Ya formidable y espantoso suena
dentro del corazón el postrer día,
y la última hora, negra y fría,
se acerca, de temor y sombras llena.
Si agradable descanso, paz serena,
la muerte en traje de dolor envía,
señas da su desdén de cortesía:
más tiene de caricia que de pena.
¿Qué pretende el temor desacordado
de la que a rescatar, piadosa, viene
espíritu en miserias añudado?
Llegue rogada, pues mi bien previene;
hálleme agradecido, no asustado;
mi vida acabe y mi vivir ordene.


El 26 de abril había hecho testamento,
cuyo original se conserva en su Casa-Museo
de La Torre de Juan Abad.
En él Quevedo había dejado escrito su deseo de ser sepultado
en la iglesia de Santo Domingo el Real de Madrid,
junto los restos de su hermana,
aunque, provisionalmente,
debían enterrarlo en la capilla del convento donde murió:
«Ítem, mando que mi cuerpo
sea sepultado por vía de depósito
en la capilla mayor de la iglesia
del convento de Santo Domingo desta villa,
en la sepultura en la que está depositada doña Petronila de Velasco,
viuda de don Gerónimo de Medinilla,
para que de allí se lleve mi cuerpo
a la iglesia de Santo Domingo el Real, de Madrid,
a la sepultura donde está enterrada mi hermana».

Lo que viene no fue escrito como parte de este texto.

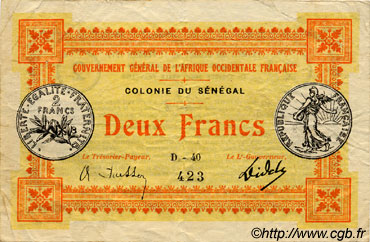 2 Francs SENEGAL  1917 P.03c S to SS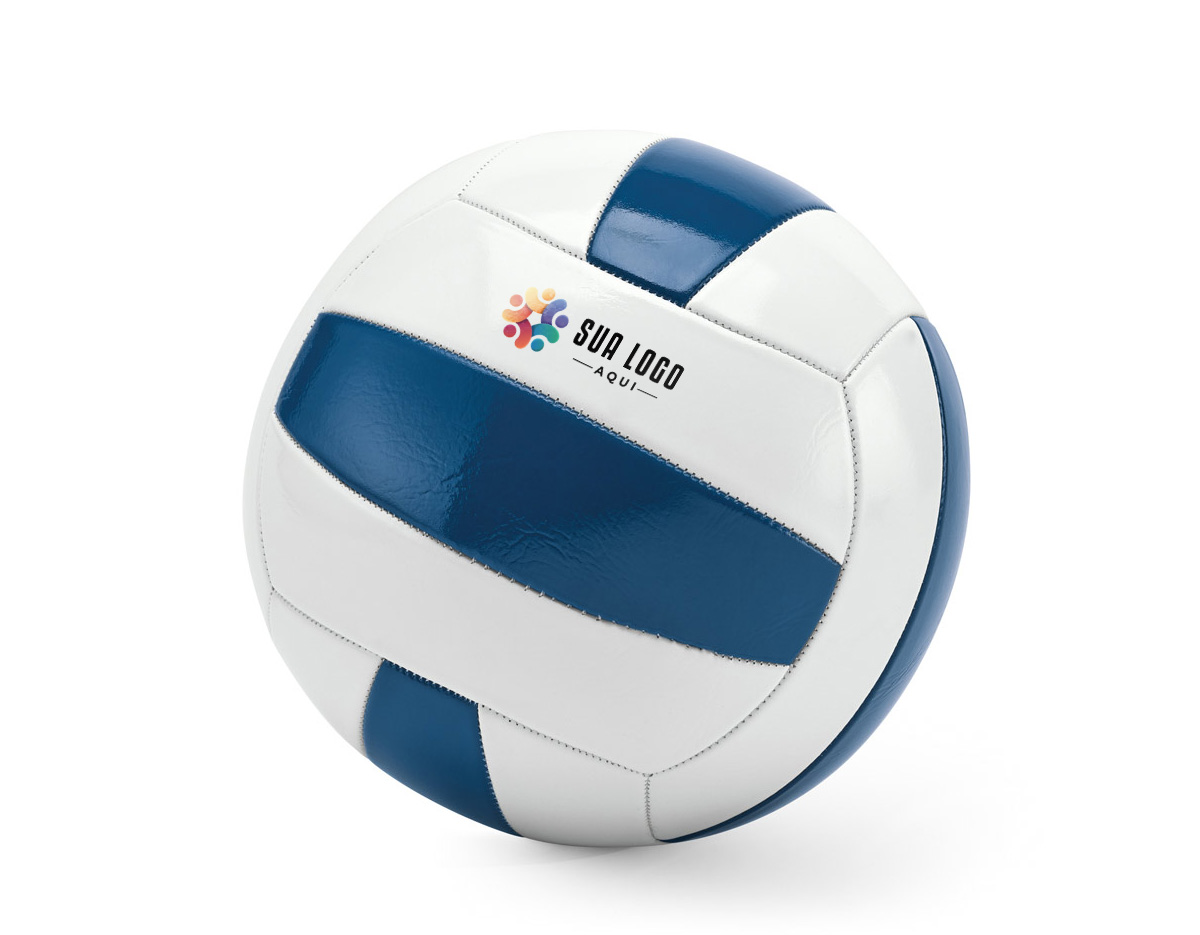 Bola de voleibol em PVC, com faixas azuis e brancas. Produto certificado conforme a portaria Inmetro nº 302 de 12/Jul/2021, garantindo segurança e qualidade. Tamanho 5, ideal para partidas e treinos.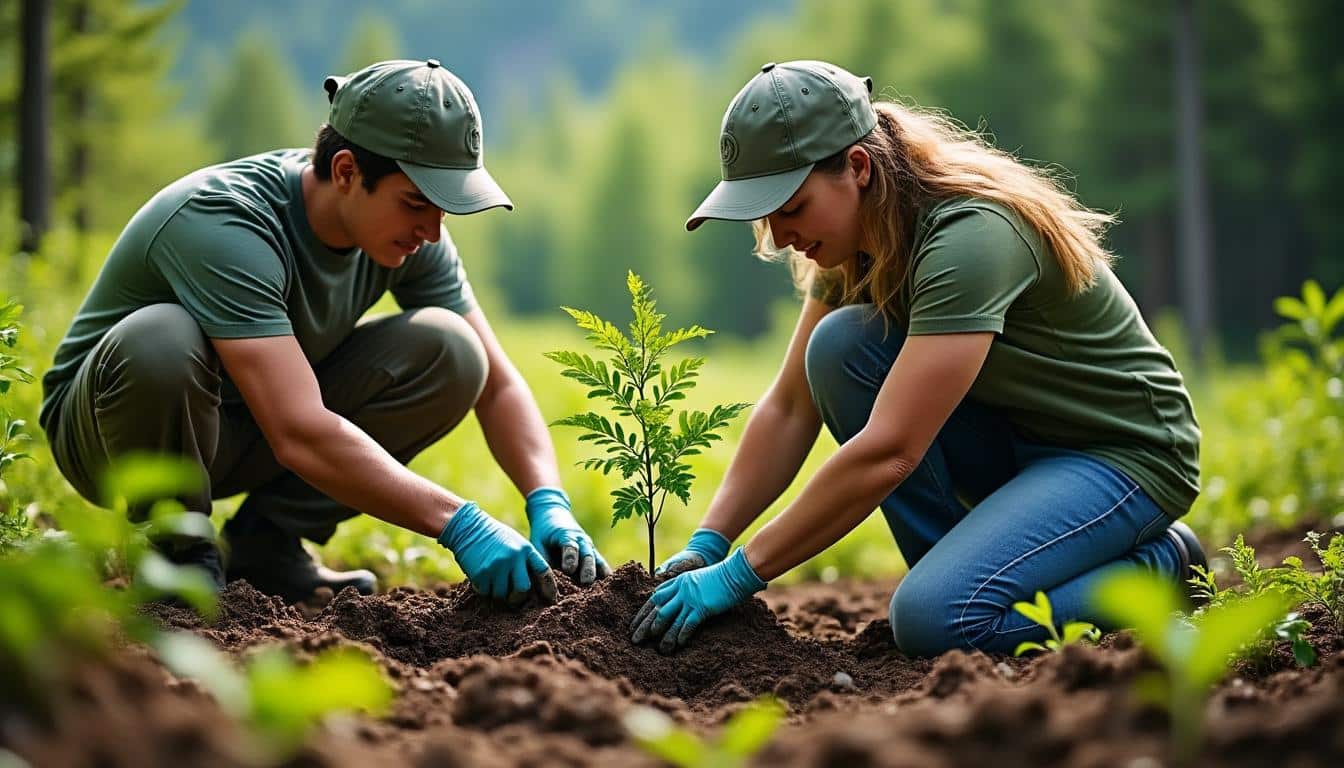 la plantation de jeunes arbres par les associations contribue activement à la reforestation et à la préservation de nos forêts pour un avenir durable.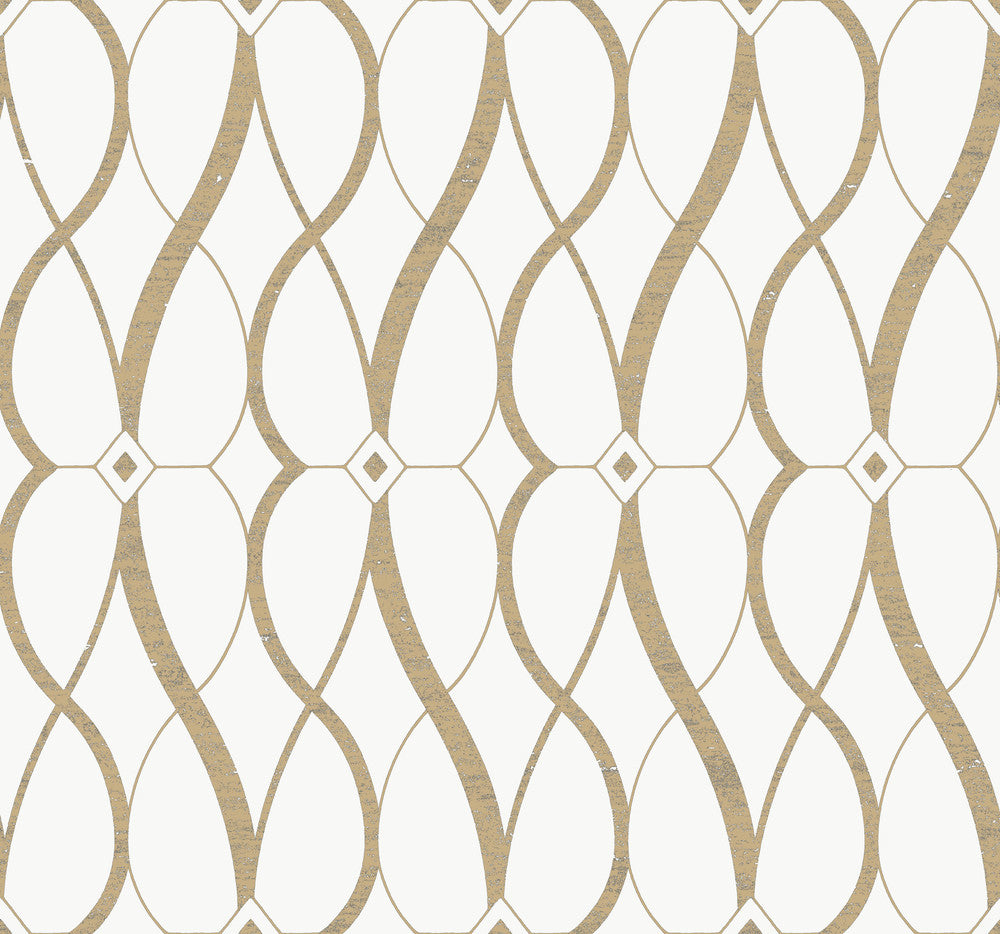 Graceful Geo Cream & Gold Wallpaper by Antonina Vella Antonina Vella Modern Metals Second Edition Covers about 60.5 square feet 27-in by 26.9-ft long roll Unpasted 25.2 - Fabric Carolina -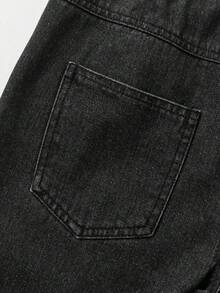 SHEIN Explorewe 女童舒適水洗柔軟復古街頭風無彈力寬鬆寬腿牛仔中長褲，薄款春夏適用 - 黑色 - 查看 7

Ni los frailes dominicos ni el vicario respetaron dicha voluntad
y Quevedo fue inhumado
en la cripta que poseía la familia Bustos
(una familia hidalga del lugar)
en una capilla privada de la iglesia de San Andrés,
el gran templo que se había construido en el siglo XVI.
El vicario consideró que así se le honraba mejor
y que al mismo tiempo la parroquia era honrada
con la inhumación de un personaje ilustre.


***


Se cuenta que don Francisco
se había hecho hacer unas espuelas de oro
para recibir su nombramiento
como Caballero de la Orden de Santiago.
Sólo las usó en esa ocasión,
pero quiso ser enterrado con ellas;
con su traje de caballero, su espada
y sus espuelas de oro.

Unos días después del entierro de Quevedo,
durante unos festejos,
don Diego, un joven de la nobleza local
que iba a rejonear un toro en la Plaza Mayor infanteña,
y que había oído hablar de las espuelas,
ofreció dinero al sacristán de la parroquia
a cambio de que le consiguiera éstas;
el sacristán profanó la tumba,
quitó al cadáver las brillantes espuelas
y se las entregó al rejoneador, que salió a la plaza con ellas.
En el primer lance con el toro,
éste embistió con sorprendente fiereza a montura y jinete,
derribando a ambos,
y corneó al torero repetidamente.
Antes de expirar, don Diego murmuró:
“Las espuelas...”
Todo el mundo creyó que lo había matado
el espíritu agraviado del muerto.
Nadie supo dónde fueron a parar las espuelas.


***


A comienzos del siglo XVIII
la capilla de los Bustos pasó a manos del cabildo
y fue dedicada a la Virgen de la Soledad.
A lo largo del siglo los restos de Quevedo
se mezclaron con nuevos enterramientos en la cripta.
Fueron olvidados.


En el siglo XIX se quiso levantar en la Corte
un Panteón de Hombres Ilustres.
Se eligió la iglesia de San Francisco el Grande de Madrid.
Se solicitó a los municipios
en cuyas iglesias yacía algún hombre notable
que exhumaran sus restos y los enviasen a Madrid.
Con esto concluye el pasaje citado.